I figured there was no better way to jump into maintaining a new library than to write some tests. And since I’m a sucker for new hardware projects, I decided to use the blues wireless Notecard to create an IoT status light to visually display the results of test runs and CI builds.

In this article, I’ll show you how I:

Assembled the status light with the Notecard, a Notecarrier, an ESP32 Feather, Relay and 24V Light Stack.
Used an ESP32 and the blues wireless Feather Starter Kit to talk to the Notecard.
Sent messages (called “Notes” in the blues wireless ecosystem) to the Notecard through Notehub.io from a GitHub Actions Workflow tied to the note-python project.
Used an interrupt to inform the ESP32 of a new Note on the Notecard and set the appropriate color on the light stack based on the contents of the Note.
The complete source for this project, including ESP32 firmware and Workflow files for GitHub Actions are in the notecard-build-monitor GitHub repo.

The hardware I chose for this project is the blues wireless Notecard. The Notecard is a cellular and GPS-enabled device-to-cloud data-pump that comes with 500 MB of data and 10 years of cellular service for $49. No activation charges, and no monthly fees.

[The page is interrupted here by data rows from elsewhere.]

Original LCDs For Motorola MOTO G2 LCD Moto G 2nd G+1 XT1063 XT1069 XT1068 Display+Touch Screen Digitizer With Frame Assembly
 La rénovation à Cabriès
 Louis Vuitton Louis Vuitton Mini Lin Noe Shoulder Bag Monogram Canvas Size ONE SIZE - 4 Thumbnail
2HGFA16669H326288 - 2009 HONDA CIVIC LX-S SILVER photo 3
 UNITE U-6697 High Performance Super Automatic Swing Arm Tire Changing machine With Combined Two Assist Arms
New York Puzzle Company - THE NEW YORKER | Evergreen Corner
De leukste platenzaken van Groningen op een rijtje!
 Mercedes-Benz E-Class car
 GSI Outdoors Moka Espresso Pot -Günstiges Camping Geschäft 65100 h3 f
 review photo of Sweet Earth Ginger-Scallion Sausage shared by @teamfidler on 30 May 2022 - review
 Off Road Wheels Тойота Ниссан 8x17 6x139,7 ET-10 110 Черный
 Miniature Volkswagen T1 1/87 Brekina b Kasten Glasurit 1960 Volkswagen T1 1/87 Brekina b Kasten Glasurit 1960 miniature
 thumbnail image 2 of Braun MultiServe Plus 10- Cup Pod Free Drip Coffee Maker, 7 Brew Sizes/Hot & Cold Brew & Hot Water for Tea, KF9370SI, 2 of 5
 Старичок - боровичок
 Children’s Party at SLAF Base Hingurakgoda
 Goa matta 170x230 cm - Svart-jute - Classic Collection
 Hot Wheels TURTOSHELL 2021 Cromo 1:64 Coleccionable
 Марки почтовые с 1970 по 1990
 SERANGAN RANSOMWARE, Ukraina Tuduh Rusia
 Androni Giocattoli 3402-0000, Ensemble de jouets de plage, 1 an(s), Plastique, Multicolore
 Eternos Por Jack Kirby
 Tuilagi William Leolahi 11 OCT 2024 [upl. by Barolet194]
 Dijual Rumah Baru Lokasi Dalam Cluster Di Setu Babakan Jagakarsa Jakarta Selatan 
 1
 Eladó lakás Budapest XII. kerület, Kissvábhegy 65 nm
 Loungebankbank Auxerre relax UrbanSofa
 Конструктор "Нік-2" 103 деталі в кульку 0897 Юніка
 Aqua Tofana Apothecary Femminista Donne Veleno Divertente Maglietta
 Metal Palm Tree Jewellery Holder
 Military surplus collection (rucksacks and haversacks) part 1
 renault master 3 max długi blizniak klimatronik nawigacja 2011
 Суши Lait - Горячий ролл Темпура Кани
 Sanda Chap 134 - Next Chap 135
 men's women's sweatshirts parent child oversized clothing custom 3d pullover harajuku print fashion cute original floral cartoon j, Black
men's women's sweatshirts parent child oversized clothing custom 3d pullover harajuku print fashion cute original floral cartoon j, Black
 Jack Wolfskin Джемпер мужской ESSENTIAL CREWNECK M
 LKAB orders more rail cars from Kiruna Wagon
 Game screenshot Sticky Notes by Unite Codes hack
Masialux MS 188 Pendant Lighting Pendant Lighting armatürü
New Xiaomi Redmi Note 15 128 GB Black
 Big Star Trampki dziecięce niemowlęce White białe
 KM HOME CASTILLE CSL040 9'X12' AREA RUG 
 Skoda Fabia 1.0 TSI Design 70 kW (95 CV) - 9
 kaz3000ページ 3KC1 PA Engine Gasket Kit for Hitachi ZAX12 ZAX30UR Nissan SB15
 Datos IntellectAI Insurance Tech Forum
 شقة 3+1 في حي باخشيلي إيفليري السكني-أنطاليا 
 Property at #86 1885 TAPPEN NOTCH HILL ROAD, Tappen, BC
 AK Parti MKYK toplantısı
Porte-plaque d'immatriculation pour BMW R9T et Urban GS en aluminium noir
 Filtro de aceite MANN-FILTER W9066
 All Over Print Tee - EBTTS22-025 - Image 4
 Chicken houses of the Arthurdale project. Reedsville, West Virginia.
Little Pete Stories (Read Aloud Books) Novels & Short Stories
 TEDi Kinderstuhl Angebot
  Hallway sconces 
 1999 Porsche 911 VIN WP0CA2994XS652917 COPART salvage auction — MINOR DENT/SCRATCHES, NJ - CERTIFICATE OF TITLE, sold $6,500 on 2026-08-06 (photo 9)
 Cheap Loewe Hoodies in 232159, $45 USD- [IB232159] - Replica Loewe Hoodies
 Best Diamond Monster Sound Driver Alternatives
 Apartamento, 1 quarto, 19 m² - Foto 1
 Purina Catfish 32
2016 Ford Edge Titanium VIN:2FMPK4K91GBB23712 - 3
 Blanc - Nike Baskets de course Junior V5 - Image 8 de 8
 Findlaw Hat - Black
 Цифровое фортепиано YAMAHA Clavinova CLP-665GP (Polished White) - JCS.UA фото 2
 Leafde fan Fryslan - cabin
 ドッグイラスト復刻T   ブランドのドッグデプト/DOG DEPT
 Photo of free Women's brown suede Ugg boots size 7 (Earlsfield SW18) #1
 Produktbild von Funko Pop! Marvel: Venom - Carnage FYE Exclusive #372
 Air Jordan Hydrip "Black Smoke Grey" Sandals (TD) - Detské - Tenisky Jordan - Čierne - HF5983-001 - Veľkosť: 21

The Notecard is a small 30 by 34 mm SoM that’s ready to embed in a custom project via its m.2 connector. But blues also provides a series of expansion boards, called Notecarriers, that include an m.2 socket for the Notecard and a number of other features for prototyping. For this project, I used the Notecarrier-AF, which has onboard cellular and GPS antennas, a LiPo battery port, Grove and Qwiic connectors, and a Feather-compatible header socket, making it perfect for this project.

On the cloud side, the Notecard is preconfigured to securely talk to Notehub.io, the blues wireless service that enables secure device-to-cloud data flow. Notecards are assigned to a project in Notehub.io, which then sync data into those projects for routing to your cloud application. Notehub.io also allows the Notecard to function as a bi-directional device that can receive data in addition to publishing data.”